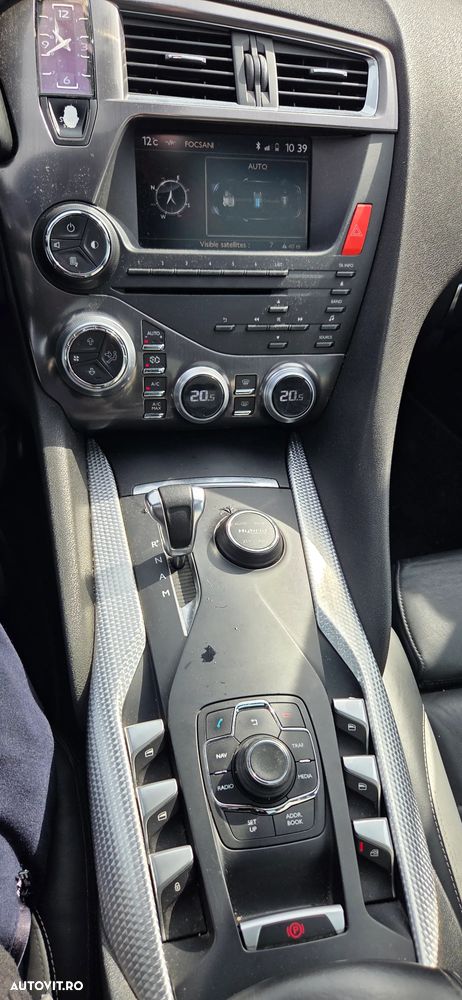 Citroën DS5 HDi 165 Aut. SportChic - 15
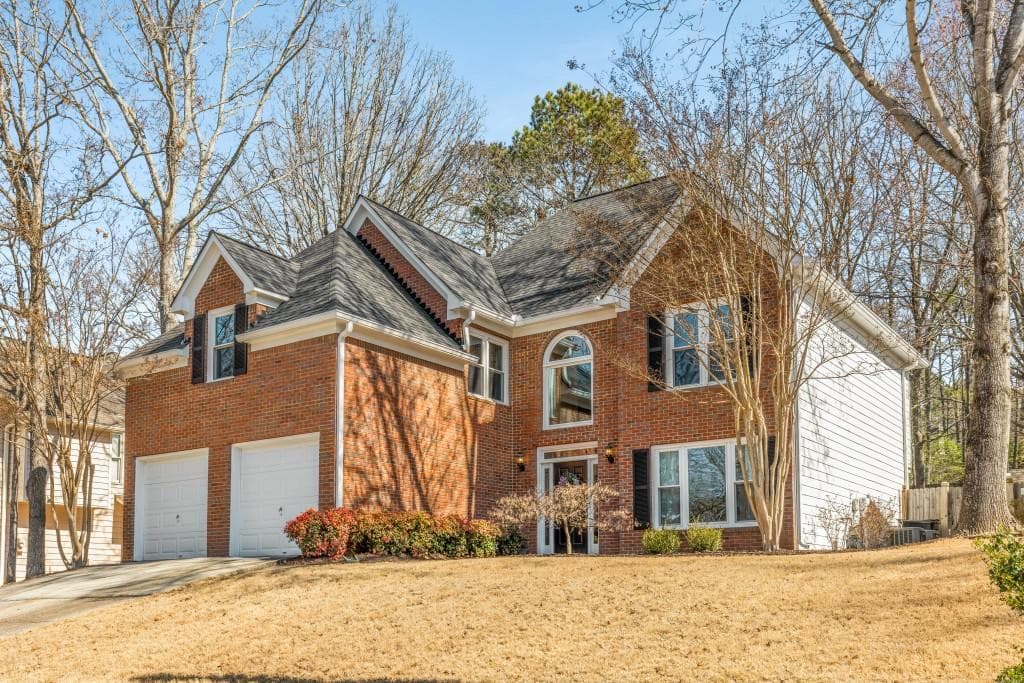 4 bedroom, 3 bathroom, 2,393 sq ft single family residence sold at 4872 Thicket Path, Acworth, GA 30102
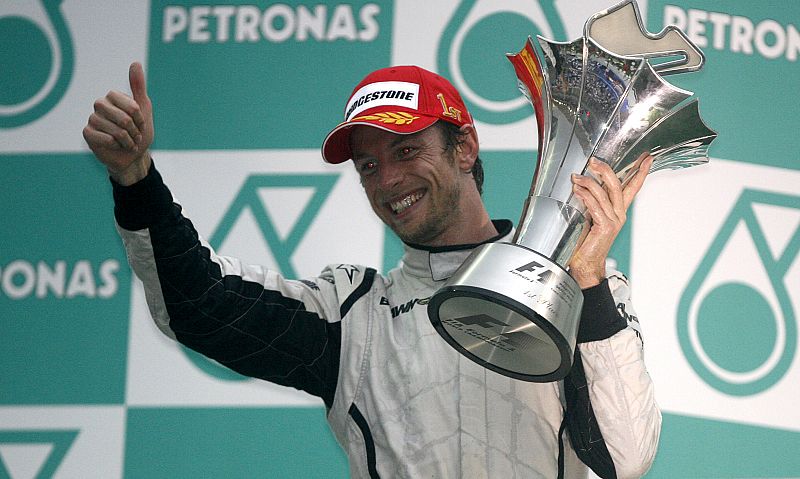 Button celebra en el podio su triunfo.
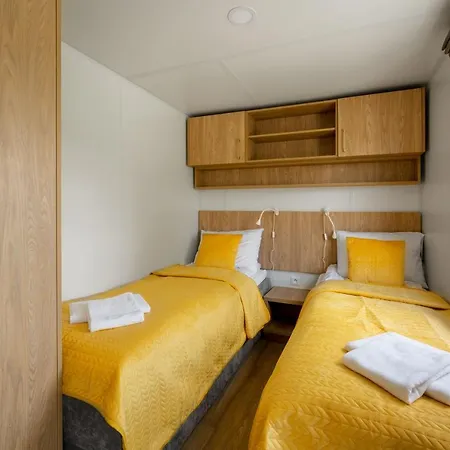 Wichrowe Wzgorze Lark House Apartmán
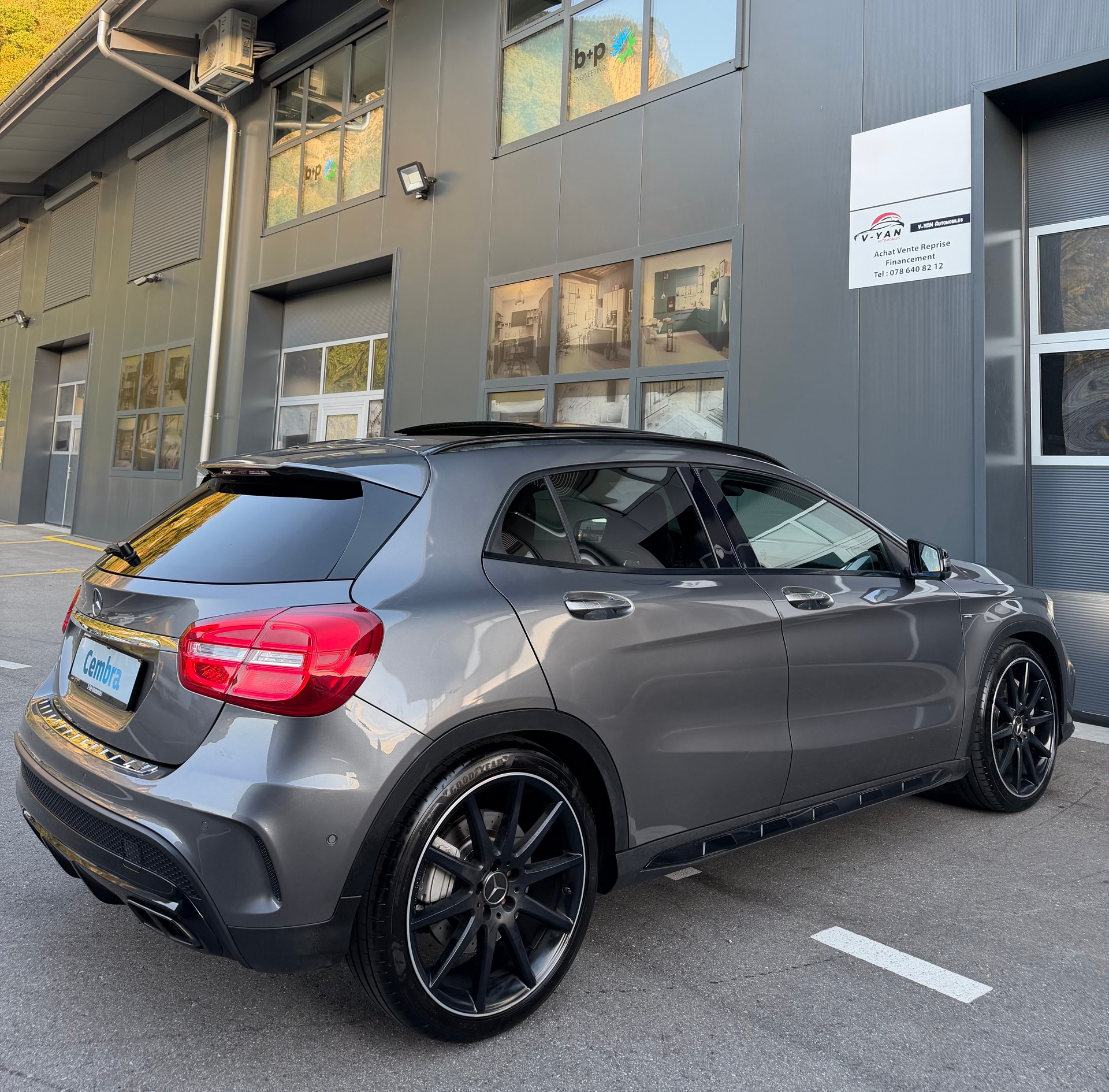 MERCEDES-BENZ GLA 45 AMG 4Matic 7G-DCT-image-6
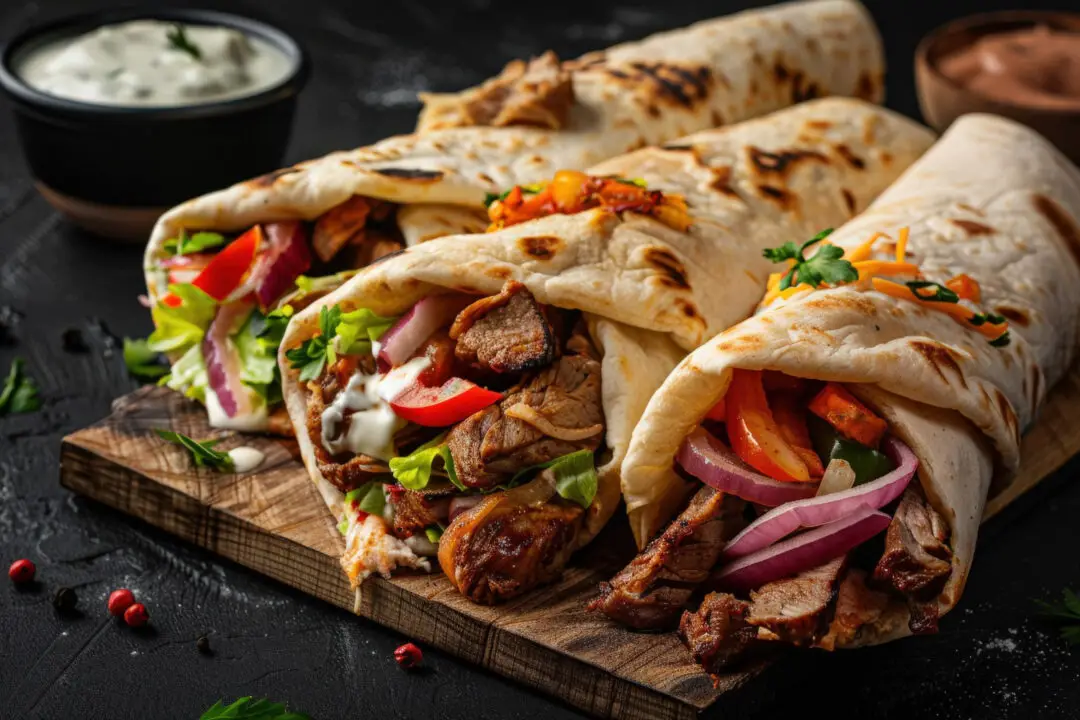 Shawarma Caseiro Suculento com Molho Cremoso Para um Lanche Árabe Cheio de Sabor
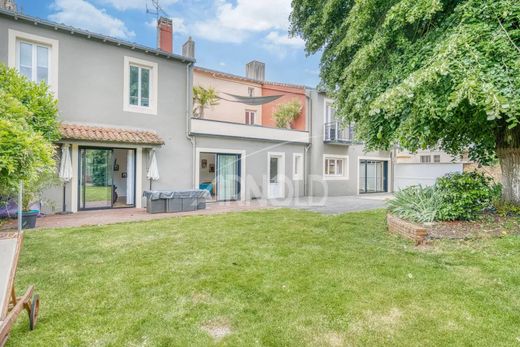 Maison de luxe à Les Essarts, Vendée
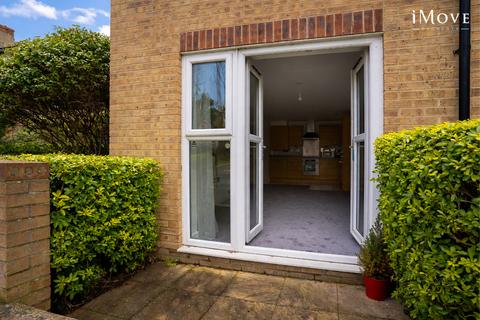 2 bedroom flat to rent, 5 Worcester Close, London SE20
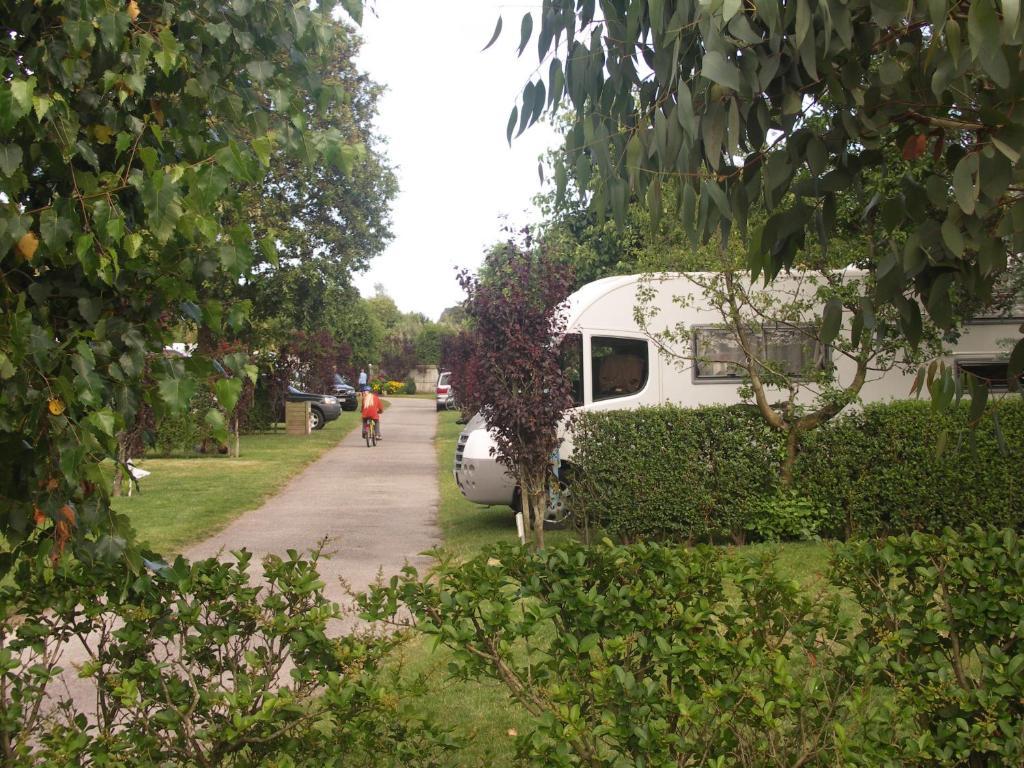 Отель Camping De La Baie Ла-Трините-сюр-Мер Экстерьер фото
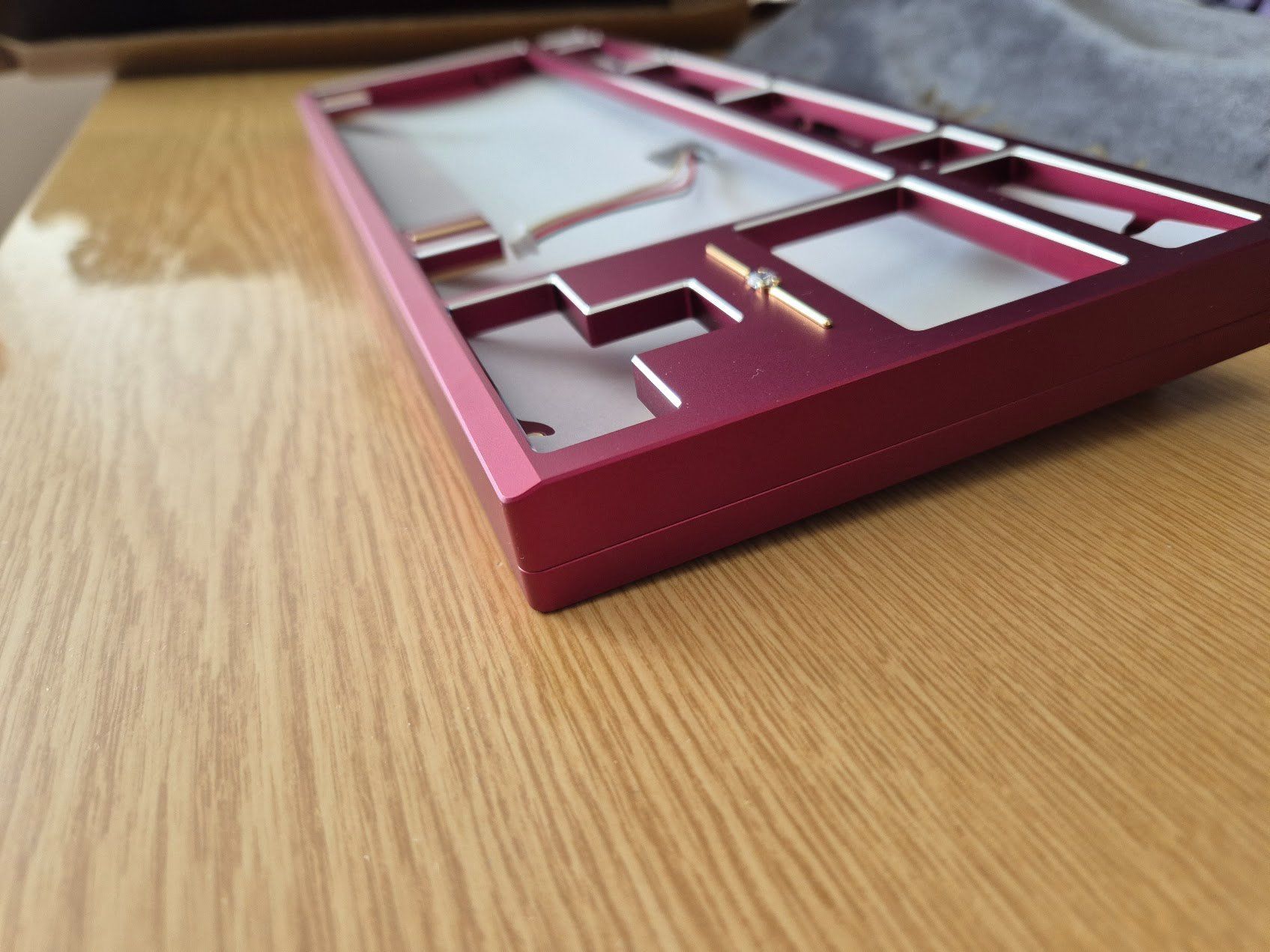 Tastiere: SALE - Promise87 Keyboard Burgundy mit Originalverpackung – Nuovo e nell'imballaggio originale da Romanshorn venduto da Rn222 2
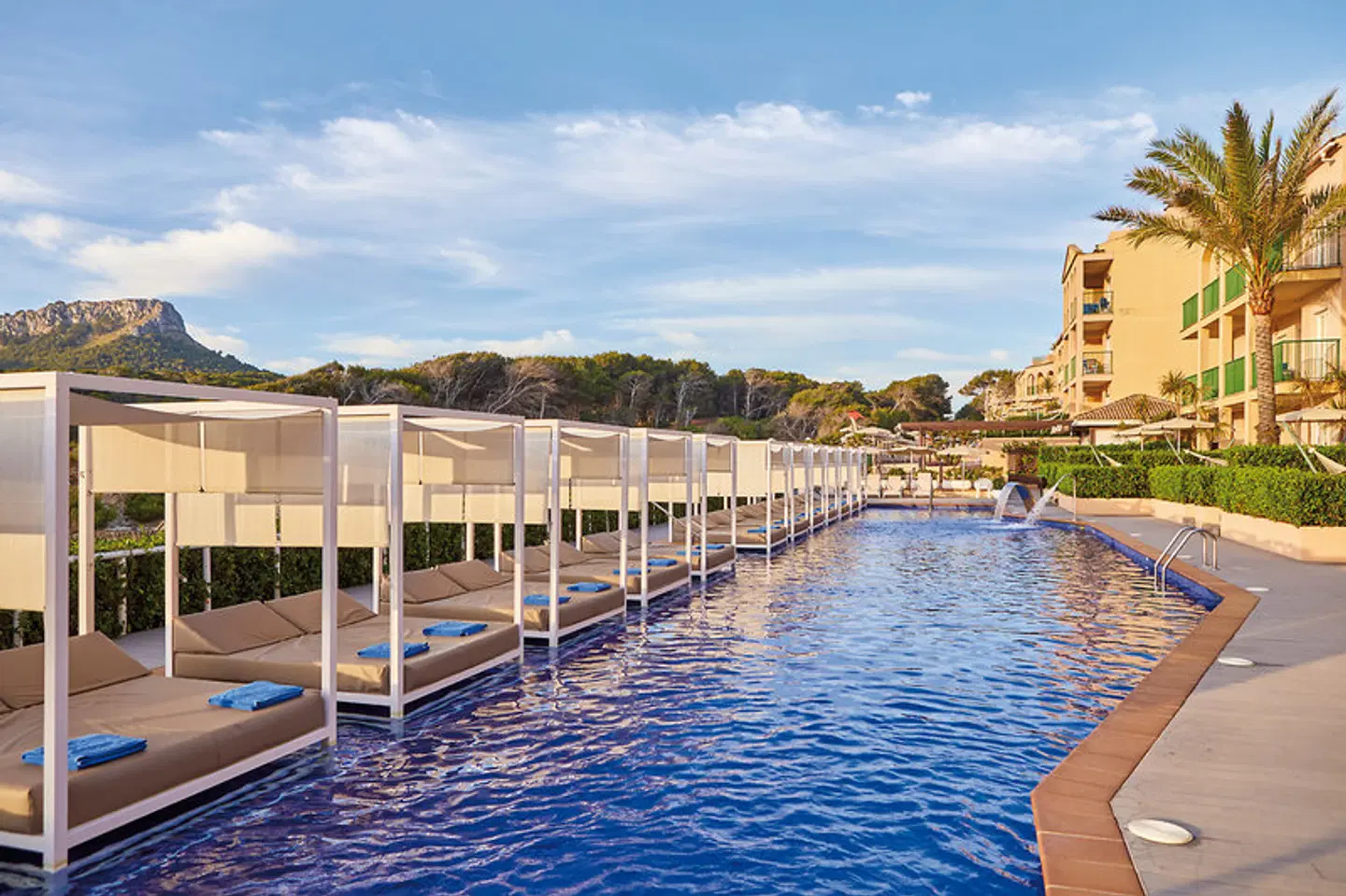 Zafiro Cala Mesquida OUTDOOR_POOL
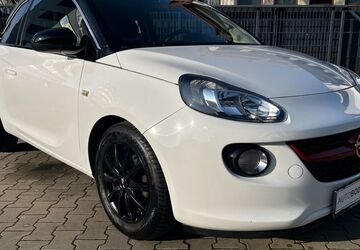 Opel Adam 98.580 km 6.900 &euro; Frankfurt am Main / Bergen-Enkheim 60388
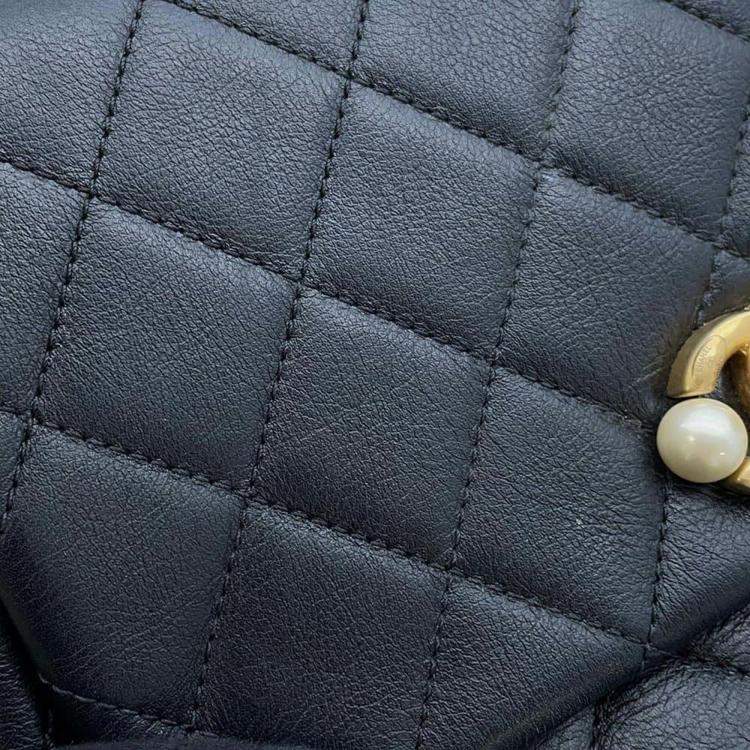 Pre Owned Chanel Black Calf Leather CC Pearl Shoulder Bag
•••
> [Problem to work on]:
Once the pictures are set aside, please output all the data word for word.

> [Written solution]:
 Citroën DS5 HDi 165 Aut. SportChic - 15
 4 bedroom, 3 bathroom, 2,393 sq ft single family residence sold at 4872 Thicket Path, Acworth, GA 30102
 Button celebra en el podio su triunfo.
 Wichrowe Wzgorze Lark House Apartmán
 MERCEDES-BENZ GLA 45 AMG 4Matic 7G-DCT-image-6
 Shawarma Caseiro Suculento com Molho Cremoso Para um Lanche Árabe Cheio de Sabor
 Maison de luxe à Les Essarts, Vendée
 2 bedroom flat to rent, 5 Worcester Close, London SE20
 Отель Camping De La Baie Ла-Трините-сюр-Мер Экстерьер фото
 Tastiere: SALE - Promise87 Keyboard Burgundy mit Originalverpackung – Nuovo e nell'imballaggio originale da Romanshorn venduto da Rn222 2
 Zafiro Cala Mesquida OUTDOOR_POOL
 Opel Adam 98.580 km 6.900 &euro; Frankfurt am Main / Bergen-Enkheim 60388
 Pre Owned Chanel Black Calf Leather CC Pearl Shoulder Bag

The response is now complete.